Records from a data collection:
..........
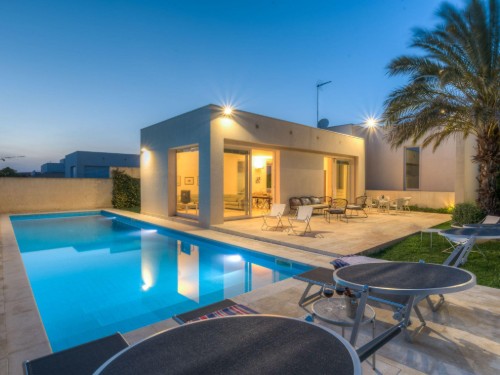 Holiday home - 6 persons -  - 97100 - Marina Di Ragusa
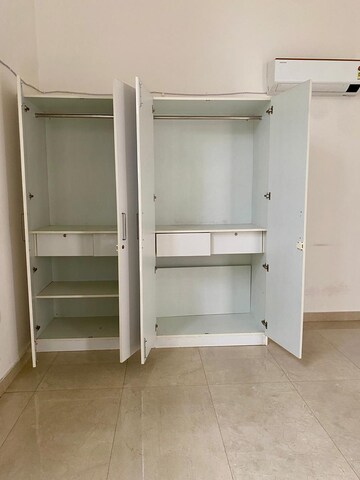 Room in 4 BHK Villa at Krishna Northwoods, Chokkanahalli – for Rent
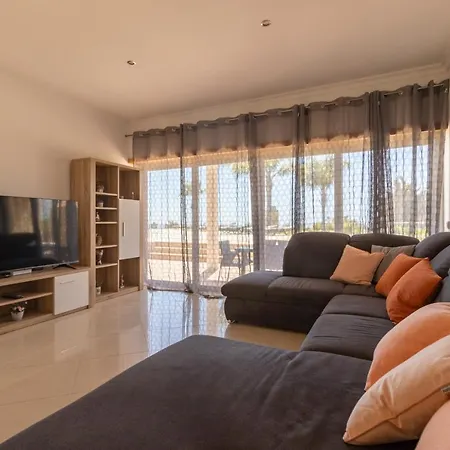 Luxury * Αλμπουφέιρα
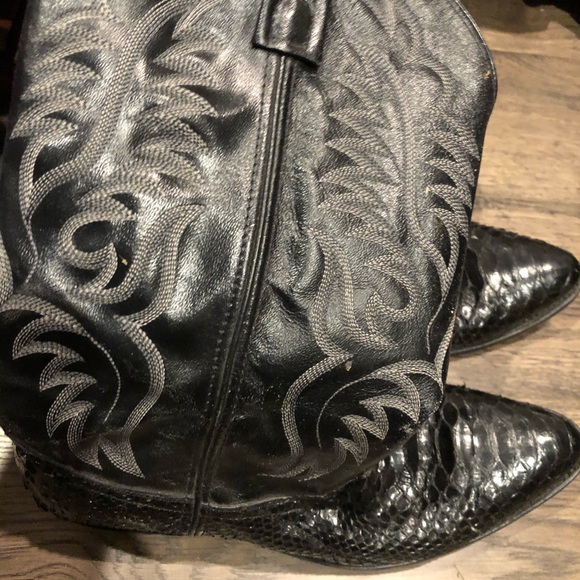 Snakeskin cowboy boots - Picture 2 of 2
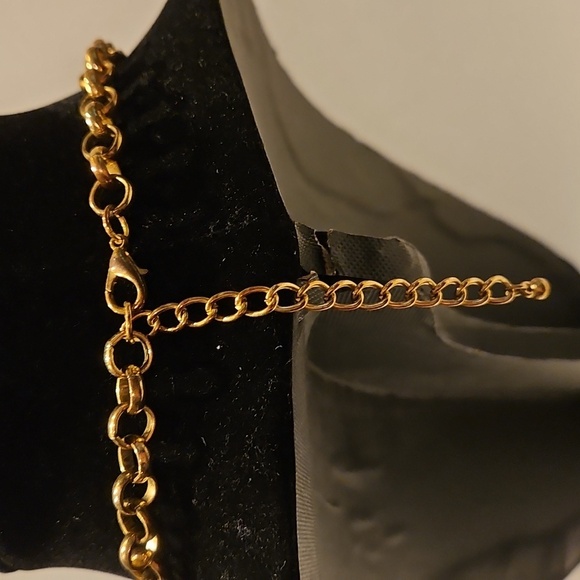 Goldtone w/ Cream Acrylic Accents On 16"L Stylish Goldtone Necklace - Picture 5 of 6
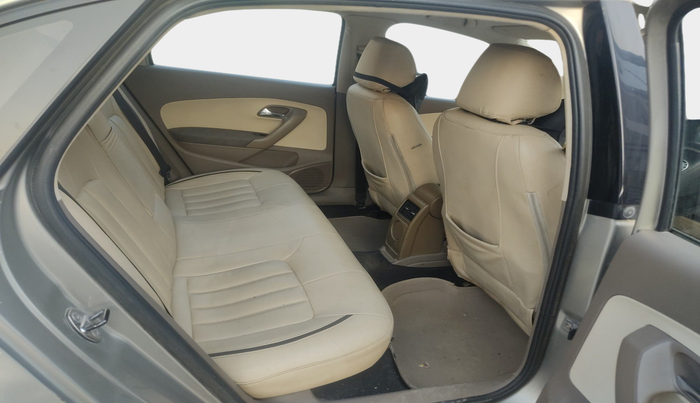 2012 Skoda Rapid ELEGANCE 1.6 TDI CR MT, Diesel, Manual, 2,04,247 km, interior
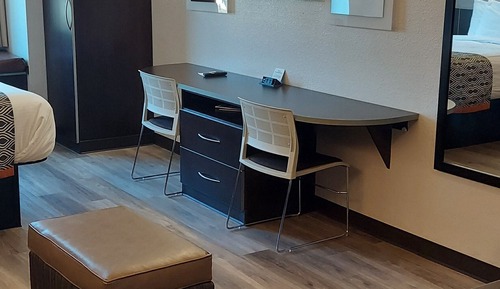 Deluxe Room, 1 Queen Bed, Accessible, Non Smoking (Mobility)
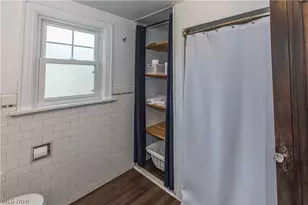 1383 Delia Ave, Akron, OH 44320 - Photo 28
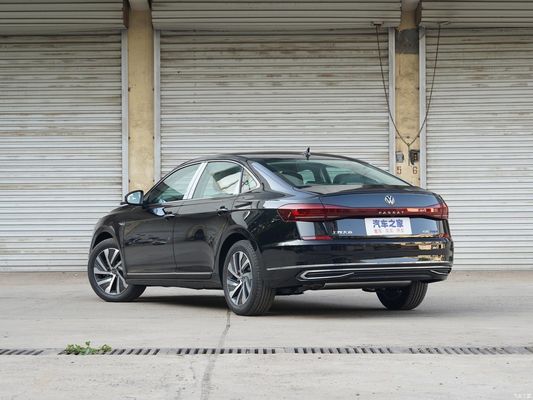 2023年モデル VW パサット PHEV 長バッテリー寿命 顧客要求のための高級セダン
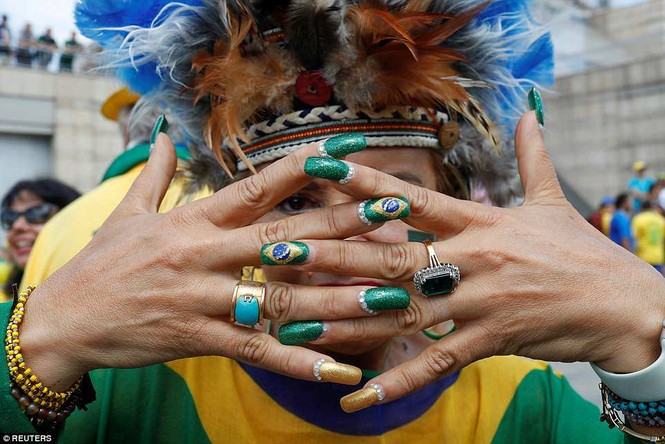 Bóng hồng vẫy cờ không biết mỏi chào đón tuyển Brazil - ảnh 8
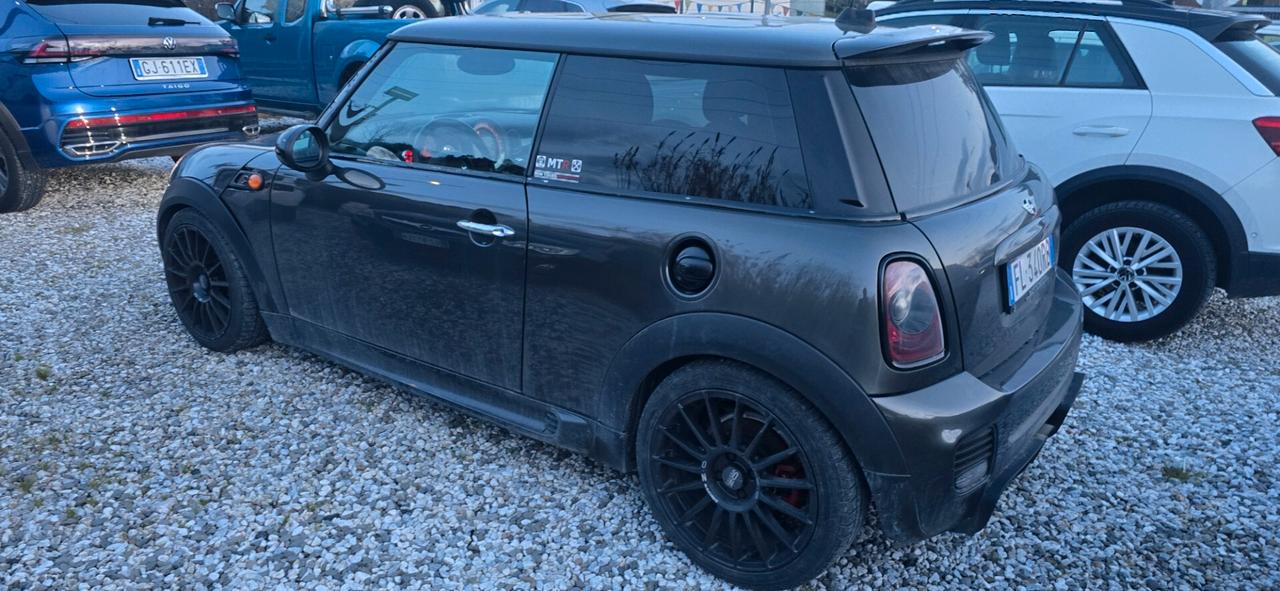 Mini John Cooper Works s con motore 1.6 231 cv preparazione Rp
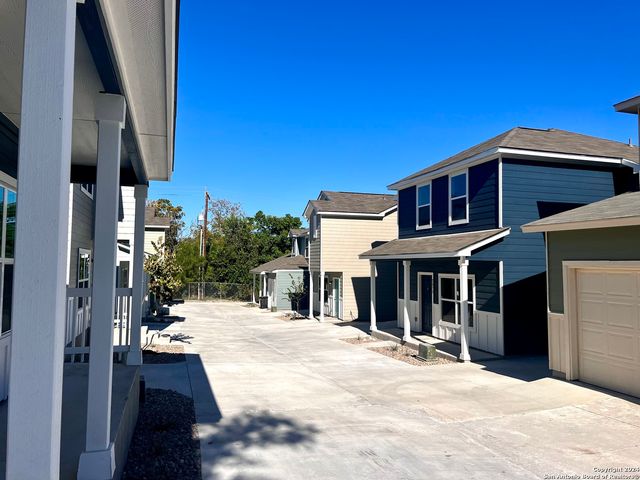 2075 Silver Oak Dr, San Antonio, TX 78213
..........
◆ Task requirements
With the pictures left out, restate word for word every line of the data above, from the first down to the line that contains "2023年モデル VW パサット PHEV 長バッテリー寿命 顧客要求のための高級セダン".

◆ Your solution
 Holiday home - 6 persons -  - 97100 - Marina Di Ragusa
 Room in 4 BHK Villa at Krishna Northwoods, Chokkanahalli – for Rent
 Luxury * Αλμπουφέιρα
 Snakeskin cowboy boots - Picture 2 of 2
 Goldtone w/ Cream Acrylic Accents On 16"L Stylish Goldtone Necklace - Picture 5 of 6
 2012 Skoda Rapid ELEGANCE 1.6 TDI CR MT, Diesel, Manual, 2,04,247 km, interior
 Deluxe Room, 1 Queen Bed, Accessible, Non Smoking (Mobility)
 1383 Delia Ave, Akron, OH 44320 - Photo 28
 2023年モデル VW パサット PHEV 長バッテリー寿命 顧客要求のための高級セダン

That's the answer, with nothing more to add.